* Dataset excerpt:
━━━━━━━━━━━━━━━━━━━━

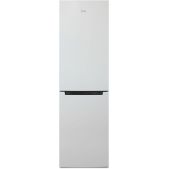 Холодильник Бирюса Б-880NF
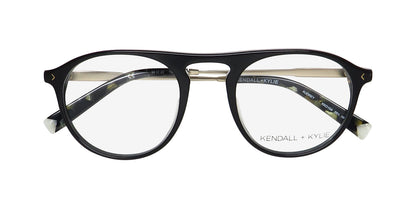 Kendall + Kylie Kko104 Audrey Eyeglasses by ModaFrames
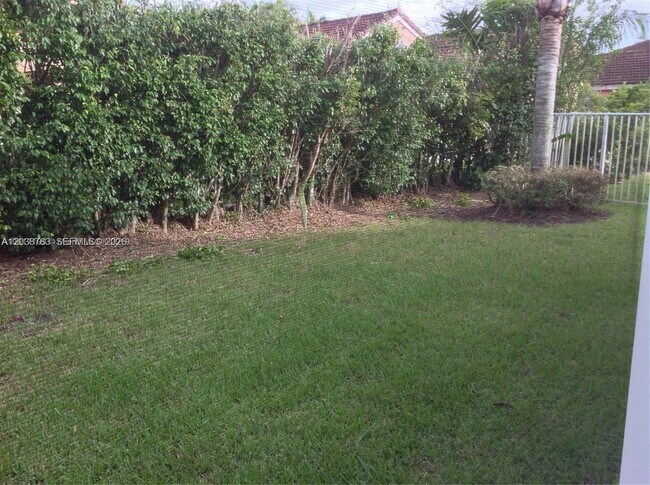 Building Photo - 1440 Canary Island Dr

━━━━━━━━━━━━━━━━━━━━

Repeat verbatim all the material, but not the pictures.

 Холодильник Бирюса Б-880NF
 Kendall + Kylie Kko104 Audrey Eyeglasses by ModaFrames
 Building Photo - 1440 Canary Island Dr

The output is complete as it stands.